Beginning with the line containing "Reloj Inteligente AMOLED" and going on through the line containing "Chain Ear Cuff", the lines below are to be returned exactly, pictures excluded and nothing added.
Segment Start: Input
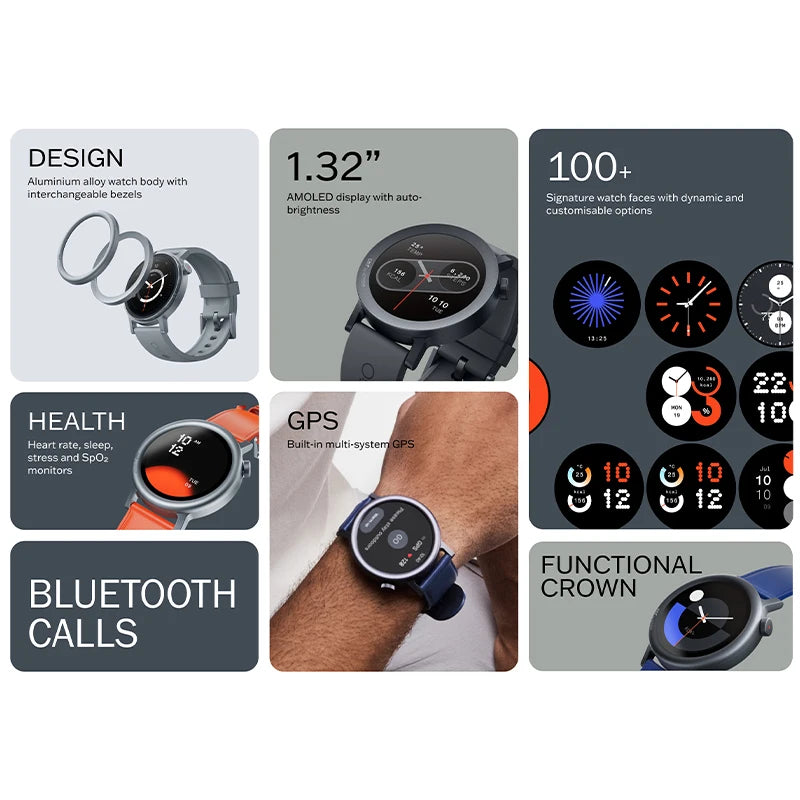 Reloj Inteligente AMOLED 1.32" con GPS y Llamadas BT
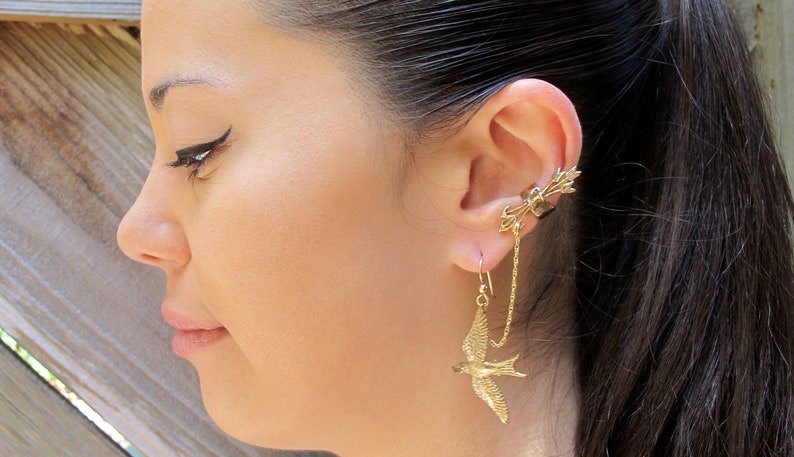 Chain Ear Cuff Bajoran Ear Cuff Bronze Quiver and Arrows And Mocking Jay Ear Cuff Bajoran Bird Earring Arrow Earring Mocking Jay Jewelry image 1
Segment End: Input
Segment Start: Input
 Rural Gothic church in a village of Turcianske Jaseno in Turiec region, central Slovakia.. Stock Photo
Segment End: Input
* **Answer to the exercise**
 Reloj Inteligente AMOLED 1.32" con GPS y Llamadas BT
 Chain Ear Cuff Bajoran Ear Cuff Bronze Quiver and Arrows And Mocking Jay Ear Cuff Bajoran Bird Earring Arrow Earring Mocking Jay Jewelry image 1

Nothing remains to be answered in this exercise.